A noter que les blocs endommagés vont tous être remplacés en vue de la livraison du chantier, ce qui est déjà le cas pour environ 50% d’entre eux, précise l'intéressé.

Action en justice en cours

D'autres hypothèses ont toutefois été soulevées ces derniers jours. Selon le JIR, le béton utilisé aurait ainsi pu être « trop sec » suite « à un problème de dosage au niveau de la formule ». Une cause démentie par le maître d'œuvre : « cela n'est pas possible parce que les blocs ne sont pas coulés sur site, où ce genre de problème pourrait se produire, mais sont coulés en usine, dans des conditions très strictes, et ils sont échantillonnés. Si tant est que d'autres explications soient plausibles, la cause principale est pour 90% due au serrage des blocs de carapace lors des épisodes de houle, qui ont été calculés dans nos prévisions. Pour les 10% restants, nous recherchons d’autres causes possibles, comme la géotechnique ou une manipulation accidentelle, mais ces cas, s'ils sont vérifiés, restent marginaux », insiste le directeur. Suite à la déclaration de ces casses, une action en justice a été déposée auprès du tribunal de commerce de Lyon par l’assureur du groupement. Cette procédure a été déclenchée dans le cadre du contrat d’assurance « Tous risques chantier » (TRC), qui couvre les dommages causés aux travaux par des faits fortuits, comme une tempête.
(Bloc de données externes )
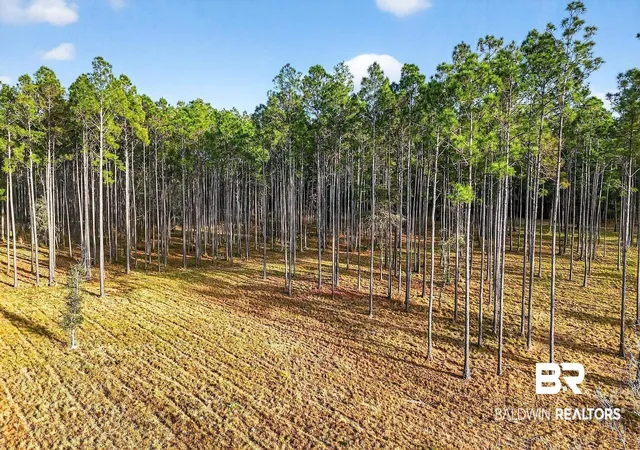 Photo 2 of Land for sale at 0 Hemley Rd, Coden, AL 36523 | MLS# 399053 | Listing updated on 2026-08-06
L'exploitation de la carrière du lieu-dit la « Ravine du trou – Bois blanc » suspendue

Une mauvaise nouvelle n'arrivant jamais seule, le tribunal administratif a annulé lundi 29 avril l'arrêté préfectoral autorisant à exploiter la carrière du lieu-dit la « Ravine du trou – Bois blanc ». Un site implanté dans la commune de Saint Leu et dont les roches massives devaient servir à réaliser les 3 kilomètres de digues restants, sur un linéaire total de 4,4 kilomètres. Au préalable, l'autorité administrative avait suspendu l'autorisation préfectorale de défrichement, prélude à l'exploitation de cette carrière située sur la commune de Saint-Leu. 

Un sérieux coup de frein au projet sachant qu'en juin 2018, il restait encore 11,5 millions de tonnes à extraire pour achever les travaux. Or, 85 % devaient provenir de la carrière de Saint Leu.